Trade bodies call for the removal of additional costs imposed on drivers and businesses

Alberta urged to scrap auto insurance taxes in 2024 budget

Insurance News

By Mika Pangilinan

The Canadian Federation of Independent Business (CFIB) and the Insurance Bureau of Canada (IBC) have called on the Alberta government to eliminate taxes on auto insurance policies as part of its upcoming 2024 provincial budget.

Currently, Alberta drivers are subject to a 4% insurance premium tax (IPT) on their auto insurance policies. The province also imposes a levy on auto insurance to cover healthcare expenses, which is slated to rise by 28% in 2024.

According to the joint statement from CFIB and IBC, the IPT has seen a 28% increase since 2018, resulting in over $1 billion in added costs. Additionally, the amount collected from the levy is expected to jump to $86.8 million this year.

When combined, these taxes contribute around $100 to each driver’s policy annually, the statement noted.

aron Sutherland, the IBC’s vice president for Pacific and Western regions, highlighted the challenges facing the auto insurance market in Alberta, including inflation, severe weather, auto theft, and rising legal costs.

“IBC is eager to work with the government to undertake reforms to address these costs and improve the affordability of auto insurance. In the interim, we are asking the province to remove – or at the very least pause – the IPT and cost-recovery levy for health care to provide near-term relief to drivers,” he said.

The removal of the IPT would also extend support to Alberta business owners, according to Annie Dormuth, CFIB’s Alberta provincial affairs director.

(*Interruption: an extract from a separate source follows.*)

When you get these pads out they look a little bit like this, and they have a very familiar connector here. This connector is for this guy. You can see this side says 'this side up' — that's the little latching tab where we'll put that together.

Dormuth pointed to CFIB’s Monthly Business Barometer, which reported that insurance costs were a significant input cost constraint for 11 months in 2023. Moreover, 71% of those polled for the study identified insurance costs as the most detrimental factor to their businesses, second only to utility costs.

“As part of the Throne Speech, the government committed to affordability and insurance reforms that would reduce premium costs,” she said.

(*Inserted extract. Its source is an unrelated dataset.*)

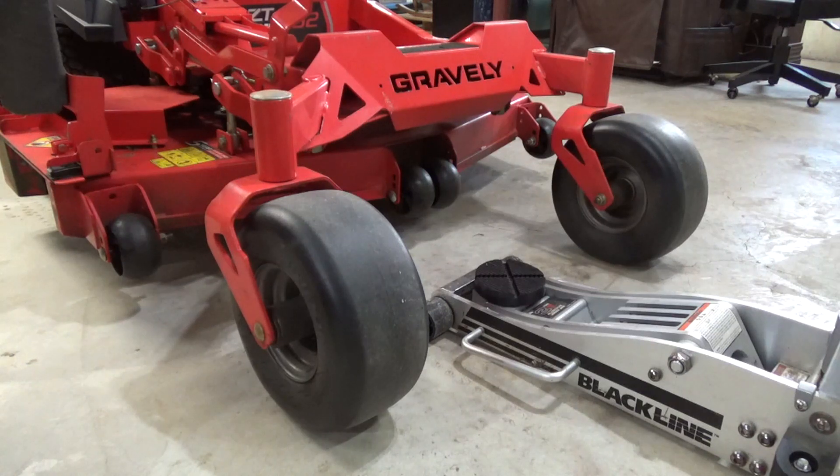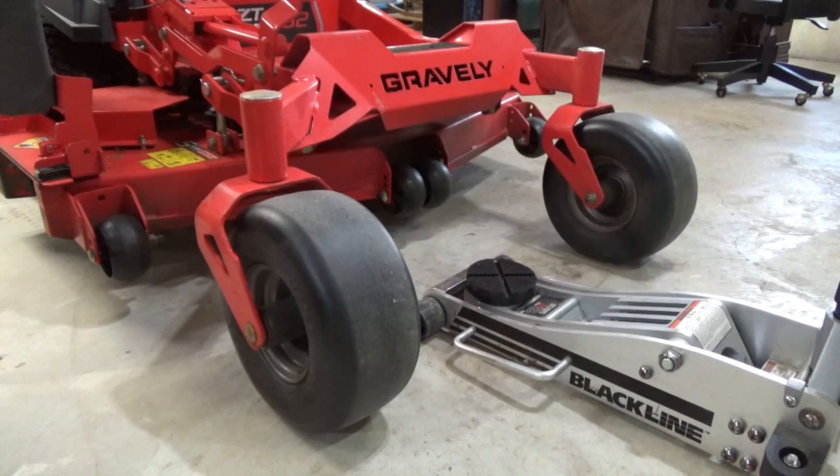I've had this Gravely for about four years and it has 87 hours on it. What I recommend is to repack the bearings either at the end of season one or even when it's brand new, just off the truck. I was really surprised — the bearings were okay; one was a little rough but cleaned up and became smooth. It was just some dirt or sand in there, but I highly recommend doing this as soon as possible.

“One quick and effective way for the government to fulfil its commitment is to pause or reduce the IPT. Doing so will help Alberta small businesses and families cope with cost increases and inflationary pressures.”

Alberta’s government previously announced a cap on auto insurance rates for good drivers, restricting the increase of premiums to no more than the 3.7% inflation rate in September.

The IBC said the government’s definition of a good driver applies to roughly 80% of drivers in the province, effectively limiting insurers’ ability to raise rates for most of Alberta.

In a statement from November, Sutherland pointed to the IBC’s Enhancing Care & Expanding Choice proposal and said the framework “presents the best opportunity to achieve this and creates the best balance between a tort and no-fault insurance system.”